▶ _WORK TO BE COMPLETED_:
Word for word, repeat the data; no picture should appear in the result.

▶ _DATA EXCERPT_:
------------------------------------

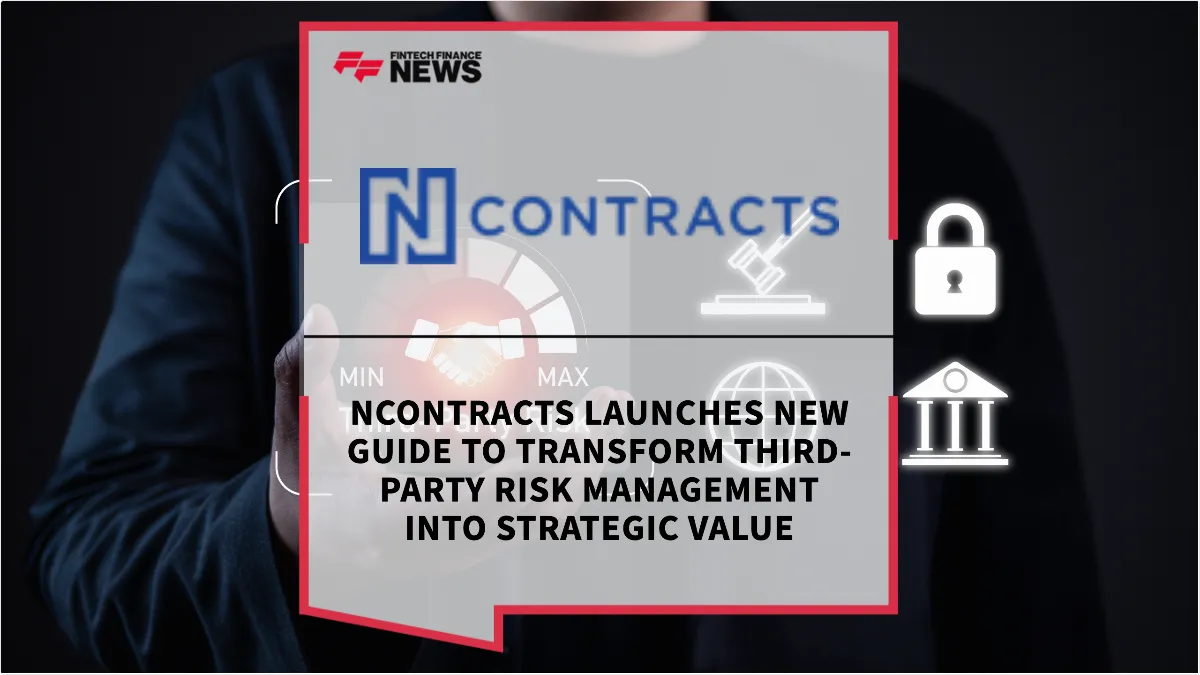 Press Release: Ncontracts Launches New Guide to Transform Third-Party Risk Management into Strategic Value | Featured Image by FF News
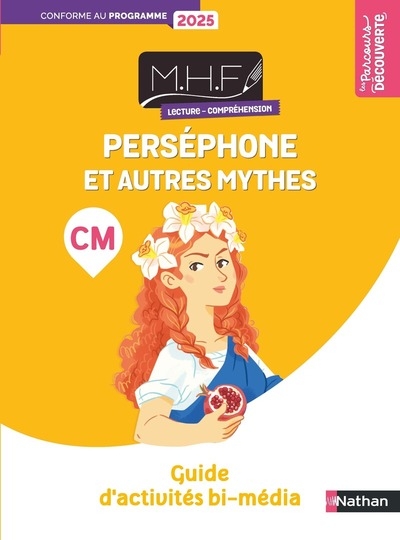 Mhf - lecture compréhension cm perséphone et autres mythes - guide d'activités bi-média - Image principale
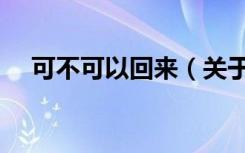 可不可以回来（关于可不可以回来介绍）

------------------------------------

▶ _TASK OUTPUT_:
 Press Release: Ncontracts Launches New Guide to Transform Third-Party Risk Management into Strategic Value | Featured Image by FF News
 Mhf - lecture compréhension cm perséphone et autres mythes - guide d'activités bi-média - Image principale
 可不可以回来（关于可不可以回来介绍）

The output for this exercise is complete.